However such an exon rearrangement (i.e., merge/separation) is not observable between gapdh-2 (or gapdh-s) orthologues.
Unlike the gapdh-1 genes, the mammalian and fish gapdh-2 genes have the same numbers of exons (11 exons), although there are significant differences in the deduced lengths of the polypeptides of the mammalian and teleost GAPDH-2 proteins because of the long proline-rich N-terminal domain in the mammalian GAPDH-2 proteins. However in contrast to mammalian gapdh-2 genes, the fish gapdh-2 genes may have an untranslated exon, although a non-translated exon-1 has not been found in all teleost gapdh genes, likely due to the errors in sequencing and/or annotation in the Ensembl database. The identification of the NTE1 in teleost gapdhs was not highlighted yet in a recent study of two perciform species (Sarropoulou et al., 2011). Despite this difference, the mammalian and teleost gapdh-2 genes have identical or similar numbers of nucleotides (and amino acids encoded) in each of the remaining exons (exons 3-11) (Fig. 2). No distinct genomic isoform of gapdh-2 has been identified in the chicken, although adult chickens are known to express diverse transcript variants of gapdh, including alternatively spliced and alternatively initiated forms (Mezquita et al., 1998). Together, these data suggest that evolutionary divergence patterns of the two gapdh paralogs differ among the various taxonomic groups.

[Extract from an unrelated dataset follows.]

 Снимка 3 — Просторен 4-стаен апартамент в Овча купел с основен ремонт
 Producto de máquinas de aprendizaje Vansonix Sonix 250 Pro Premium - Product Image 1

Genomic Southern blot hybridization patterns were polymorphic for both gapdh-1 and mlgapdh-2 in six unrelated individuals (Fig. 3). The first blot of gapdh-1 probed with probe-A produced two hybridization bands for all six individuals, and four different hybridization patterns were observed (hybridization bands at approximately> 14.0/7.0 kb, 9.5/7.0 kb, 9.0/7.0 kb, and 7.2/9.2 kb). The second blot for gapdh-1 probed with probe-B showed the same hybridization pattern as probe-A. In contrast, the hybridization analysis of mlgapdh-2 using probe-C showed that four of the six individuals displayed only one hybridization signal (a ~9.0-kb band for fishes #1, #4, and #6, and a 9.5-kb band for fish #2), whereas the other two individuals (fishes #3 and #5) displayed two hybridization bands (at 8.0 and 9.0 kb).
If each of gapdh genes existed as a single copy in the mud loach genome, we would expect a Southern blot hybridization of DraII-digested genomic DNA to show a single band larger than 5.4 kb (for gapdh-1) or 5.1 kb (for mlgapdh-2). However, two hybridization bands were detected in all six individuals (for gapdh-1), and in two of the six individuals (for mlgapdh-2). Because each fish showed similar hybridization intensity between the two bands for gapdh-1, the present result suggests of the presence of one additional gapdh-1 copy in the mud loach genome, as observed in several other teleosts (Sarropoulou et al., 2011) (see also Fig. 1). The size differences in the two hybridization bands among individuals (particularly for fish #1) could result from polymorphism in the DraII-restriction sites among individuals; further analysis with a larger number of fish samples is needed to further explore this explanation. However, for mlgapdh-2, the hybridization pattern was not identical to that of gapdh-1, in terms of the signal intensities of the two hybridization bands in any given individual (for example, fish #3 or #5 in the blot), which were much weaker than the signal from the single hybridization band of fish #1, #2, #4, or #6. This suggests that polymorphism in mlgapdh-2 may have resulted in allelic differences in the restriction sites recognized by DraII, rather than from variability in the gene copy numbers among individuals. This would also be consistent with our bioinformatics analysis, showing only one copy of gapdh-2 in all teleost species examined. Together, our Southern blot results suggest that the mud loach possesses two paralogous copies (i.e., subisoforms) of gapdh-1 and one of gapdh-2 in its genome and also that both isoforms may represent an allelic difference in the restriction sites of DraII, depending on the individuals. It is also known that mammalian genomes often contain multiple pseudogene copies (50-364 copies) of duplicated gapdh genes, which have been acquired through retrotranspositional activity (Garcia-Meunier et al., 1993; Liu et al., 2009). Currently, it is unclear whether the additional copy of gapdh-1 undiscovered yet is functional.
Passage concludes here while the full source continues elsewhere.